ブルブサも承知の上で、藁をも縋る思いだったのだろう。しかし結果的に血を得たネラプの肉体は、再生に動き出した……。
『ほう! 眼だけでなく、血か! なるほどなるほど、面白いのう……』
オルメはそのことを聞くと、ますます興に乗ったとばかりに語気を浮かせた。
「あの……それで?」
『うん? ああ、後は今とそう変わらん。そこな妖精とコウモリがやって来て、お主の身体から首と腕が生えた……のじゃが……』
傍から聞くととんでもない話であるのに、サラッと流された。
が、オルメにも何やら訳があるらしく、打って変わって微妙な口ぶりで、語りが重い。まるで深く訊くなと言いたげだ。
「? どうかしたか?」
『……腕は、腕はまだよい……ただ、文字通り首がすげ替わるその経過と言ったら……そう……妾の目にも中々冒涜的、悍ましい様での……』
「い、いい。やっぱり話さなくてもいい……なんか、ゴメン」
察したネラプは、この点をこれ以上何も訊くまいと思った。誰も得をしない、と。
それにしても竜でもビビるものはあるものかと、ネラプは変な感心をした。
閑話休題。
『とにかく、まあ話せばそういう経緯なわけじゃよ』
「…………」
なるほど自分が死んでいる間のことは、大体は分かった。
自身の自己再生能力について、明らかに人間離れしていることも。
ついでに聞くことになった、魂(マナ)と生命の鎖という概念は、参考になる大事な話だった。
結局謎が残ったままなところもあるが、他に知るべきは……
「……俺の眼が、魂と関係があるって言うのは……」
『そうそう、一番の問題はそれよ。
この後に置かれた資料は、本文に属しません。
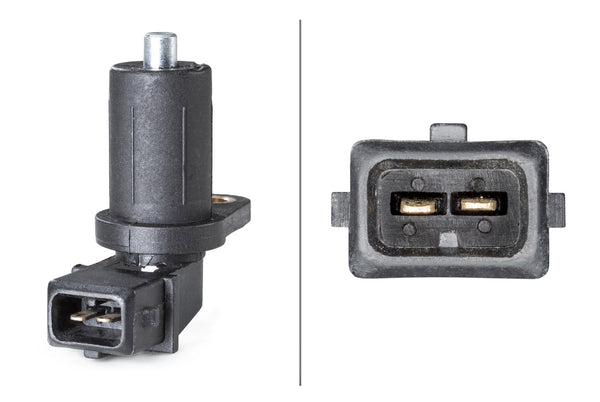 HELLA Sensor, crankshaft pulse - 12V - 2-pin connector - in transmission housing 6PU009163-381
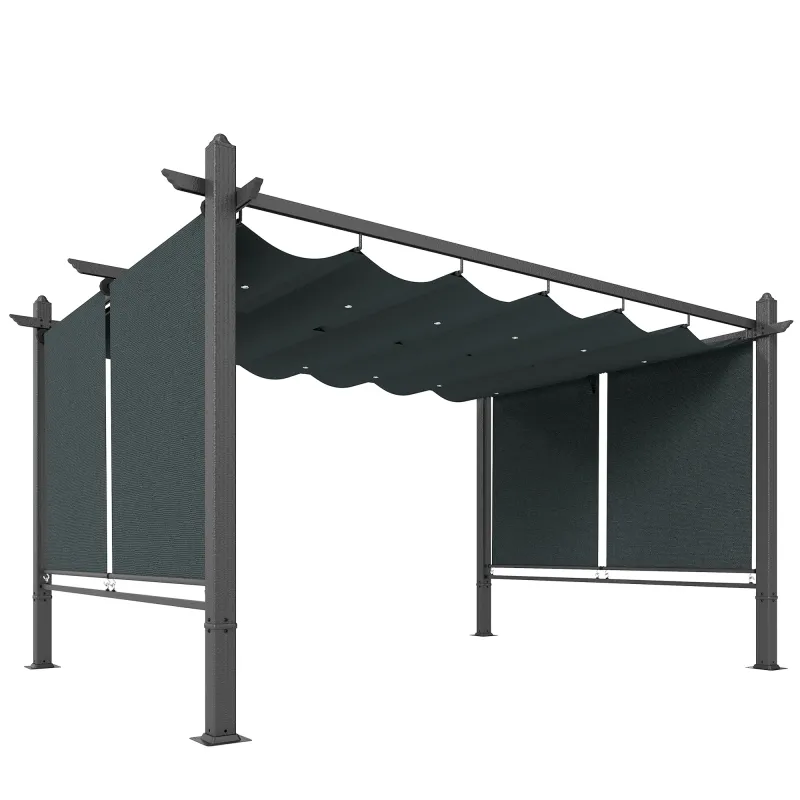 Pérgola de Jardín 4x3 m con Cortinas Enrollables Automáticas y Techo Retráctil Cenador de Jardín con UPF50+ Gris Oscuro
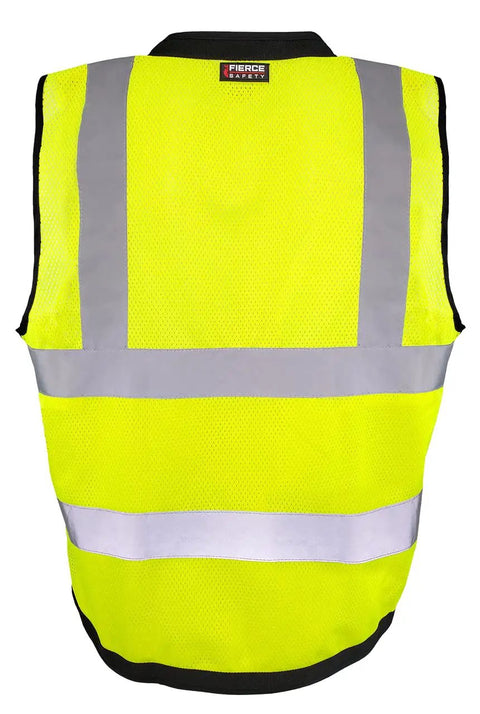 Heavy Duty Green Mesh Surveyors Vest With Loaded Tablet Pockets And Secure Id Sleeve Super Breathable Class Two Compliant Jobsite Safety Gear For Hardcore Seasoned Crews 3XL back view with reflective strips.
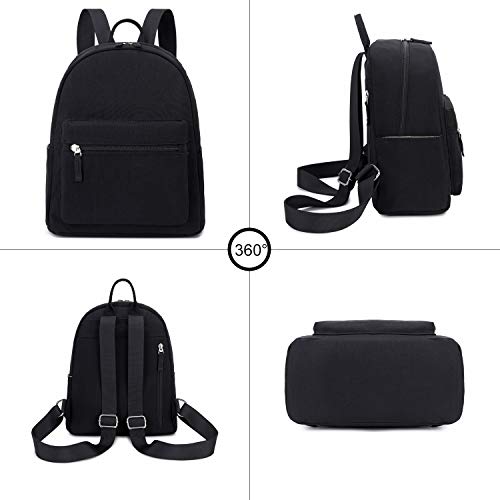 Abshoo Nylon Mini Women Backpacks Casual Lightweight Small Backpack Purse for Girls Bookbag (Black)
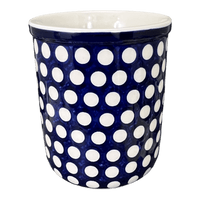 A picture of a Polish Pottery Wine Chiller/Utensil Holder (Hello Dotty) | NDA73-A64 as shown at PolishPotteryOutlet.com/products/wine-chiller-utensil-holder-hello-dotty-nda73-64
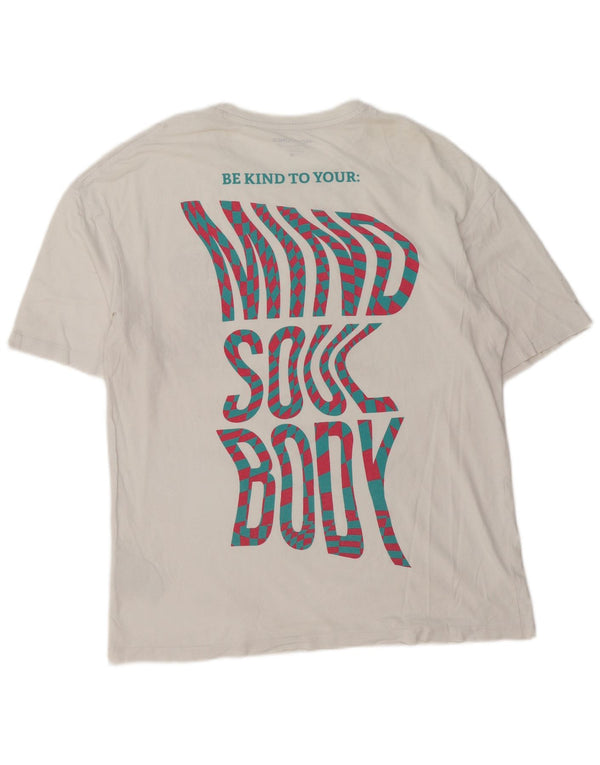 Jack & Jones Herre grafisk T-shirt Top Medium Hvid Bomuld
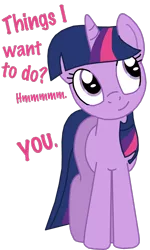 Size: 1152x1920 | Tagged: artist:ajmstudios, bronybait, derpibooru import, edit, head tilt, looking up, simple background, smiling, solo, suggestive, text, thinking, transparent background, twilight sparkle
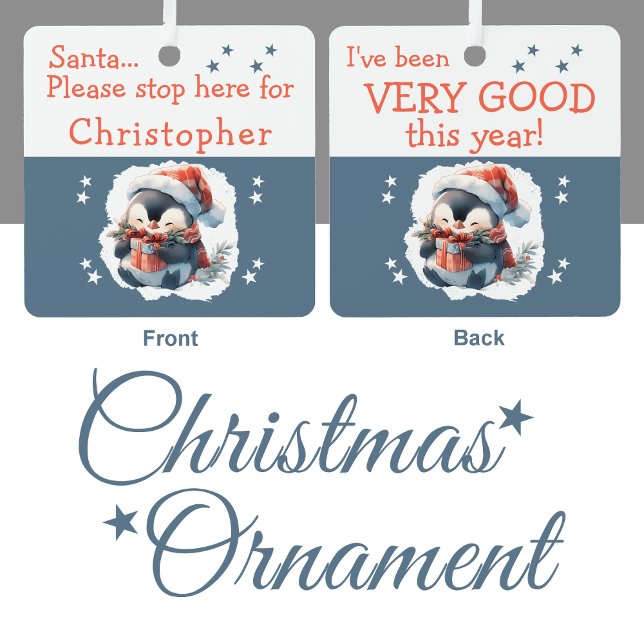 Santa stop here name cute penguin grey metal ornament (Creator Uploaded)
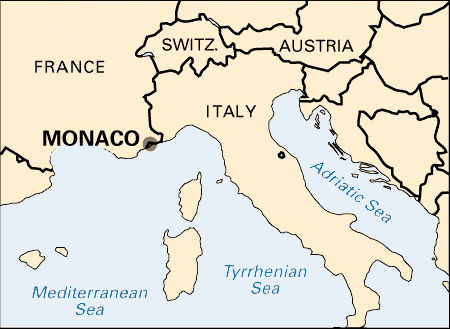 Mapa de situación de Mónaco en Europa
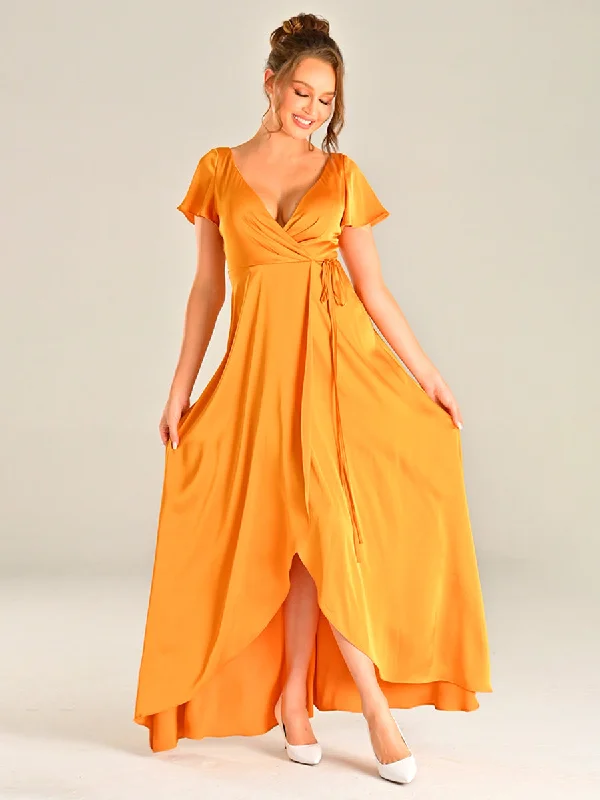 Insane Discount Onslaught Golden Yellow Bridesmaid Dress Chiffon High Slit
それも、眼だけではない』
やっとこの話に触れられる、とオルメはぼやいてから、
『話を聞く限り、お主の血にも眼同様、マナ……生物の魂に関わる能力があるようじゃな』
「魂に、関わる能力……?」
その寝転がったままの姿勢で、頷くようにコクリと顎を引き、こう結論付けた。
『そう、見た物を殺す眼、加えて死んだ生き物を蘇らせられる血────ネラプ、お主の本来の能力は、マナと生命の鎖を直に操ることの出来る能力、ということになるのじゃ』
「マナと生命の鎖を、操る……?」
『だってそうじゃろ? お主の眼は、傷一つ付けずマナを鎖から解き放つ。お主の血は、マナと肉体に鎖を結びつける』
「それは、なんと言うか……流石に大袈裟というか」
『妾は妾なりの、道理に適った意見を述べているに過ぎんよ』
軽く笑い飛ばそうとしたが、そのオルメの語調は真剣だ。
『自分が持つ能力の程度……大袈裟と笑えるような軽々しい代物でないと、分からないわけではあるまい?』
「…………」
分かっていた。眼のことは、自分自身恐ろしいと思っている。
もしまた何か一つ間違いがあれば、ネラプは自分の大切な存在に牙を剥く。
あの時のように。……それが恐ろしい。
『まあ妾から話すことは以上じゃ。これ以上のことは分からん……さて』
ネラプに熱心に説明を続け、喋り倒したオルメはふうと一息吐いた。